THE DATA ▸
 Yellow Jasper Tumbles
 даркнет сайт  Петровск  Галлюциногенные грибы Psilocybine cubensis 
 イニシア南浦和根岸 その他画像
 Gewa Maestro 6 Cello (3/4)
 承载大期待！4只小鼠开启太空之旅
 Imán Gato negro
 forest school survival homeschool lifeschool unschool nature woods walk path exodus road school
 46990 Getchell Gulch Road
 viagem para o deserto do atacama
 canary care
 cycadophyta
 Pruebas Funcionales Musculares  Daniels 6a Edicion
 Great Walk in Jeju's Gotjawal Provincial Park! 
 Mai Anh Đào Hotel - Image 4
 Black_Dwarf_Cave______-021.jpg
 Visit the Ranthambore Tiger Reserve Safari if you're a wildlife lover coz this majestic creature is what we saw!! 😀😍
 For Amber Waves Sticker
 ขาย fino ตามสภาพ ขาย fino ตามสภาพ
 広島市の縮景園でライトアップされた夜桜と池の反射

ASSIGNMENT ▸ Your answer should hold only the lines from the one with "Gewa Maestro 6 Cello (3/4)" through the end of the listing above, both ends included, written out exactly.

TASK OUTPUT ▸
 Gewa Maestro 6 Cello (3/4)
 承载大期待！4只小鼠开启太空之旅
 Imán Gato negro
 forest school survival homeschool lifeschool unschool nature woods walk path exodus road school
 46990 Getchell Gulch Road
 viagem para o deserto do atacama
 canary care
 cycadophyta
 Pruebas Funcionales Musculares  Daniels 6a Edicion
 Great Walk in Jeju's Gotjawal Provincial Park! 
 Mai Anh Đào Hotel - Image 4
 Black_Dwarf_Cave______-021.jpg
 Visit the Ranthambore Tiger Reserve Safari if you're a wildlife lover coz this majestic creature is what we saw!! 😀😍
 For Amber Waves Sticker
 ขาย fino ตามสภาพ ขาย fino ตามสภาพ
 広島市の縮景園でライトアップされた夜桜と池の反射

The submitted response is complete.